Records to use
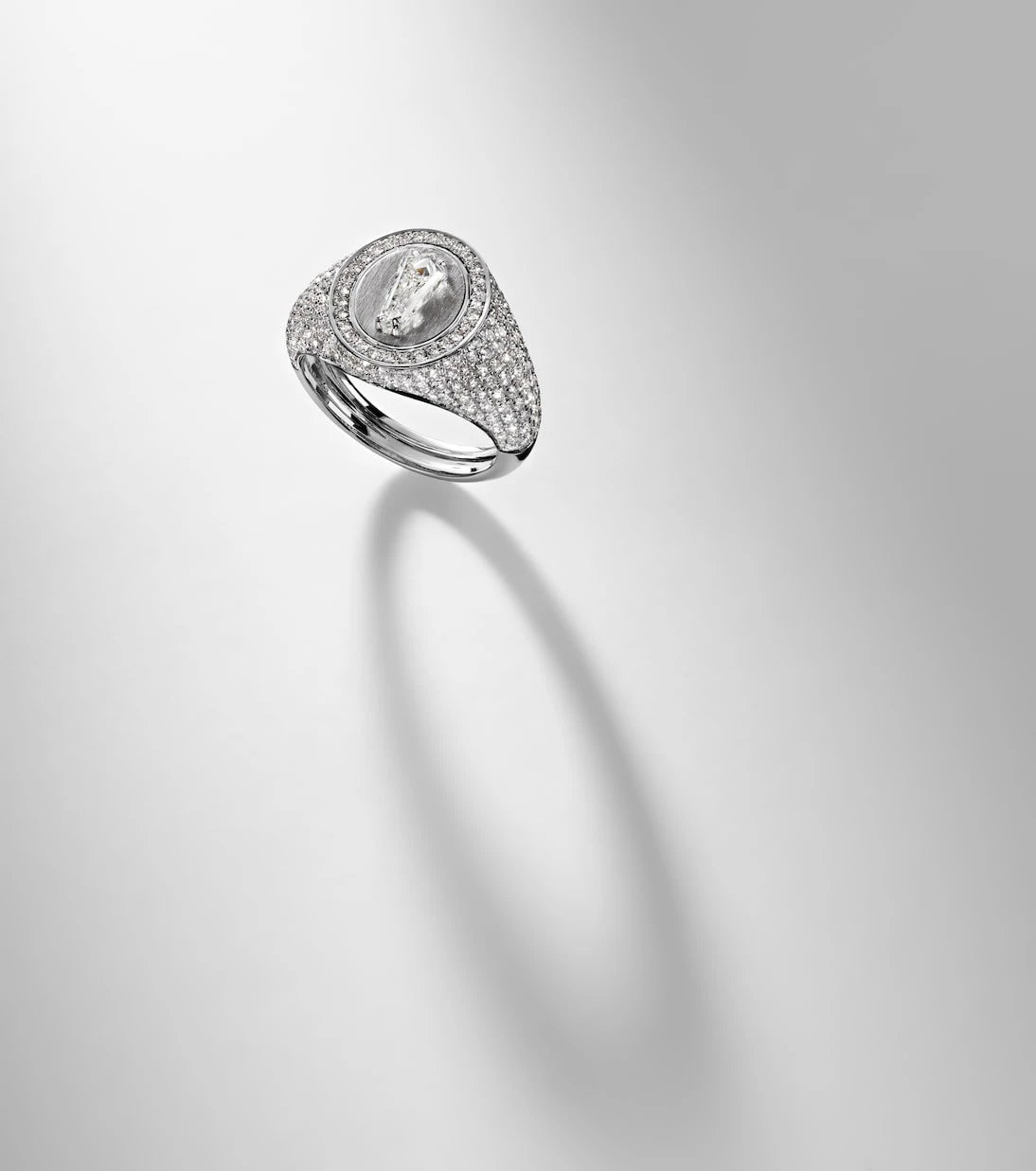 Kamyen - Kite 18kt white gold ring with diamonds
* * *
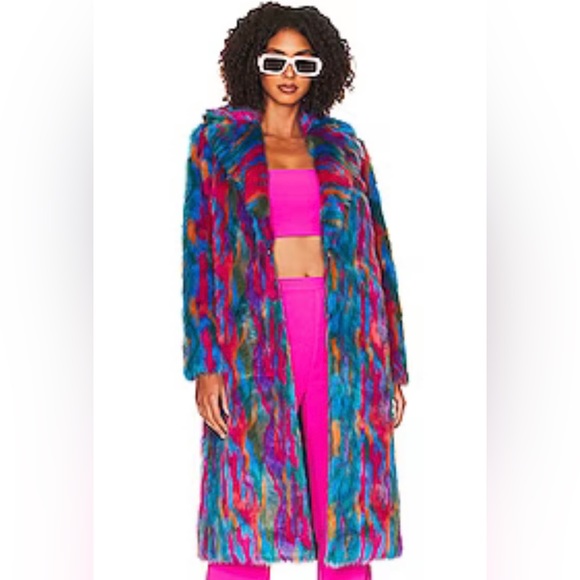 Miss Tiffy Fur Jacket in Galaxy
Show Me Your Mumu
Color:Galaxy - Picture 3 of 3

Task details
Nothing but the lines above, starting at the line that contains "Miss Tiffy Fur Jacket in Galaxy" and ending at the line that contains "Color:Galaxy - Picture 3 of 3", should be given again, exactly and without the pictures.

Exercise solution
 Miss Tiffy Fur Jacket in Galaxy
Show Me Your Mumu
Color:Galaxy - Picture 3 of 3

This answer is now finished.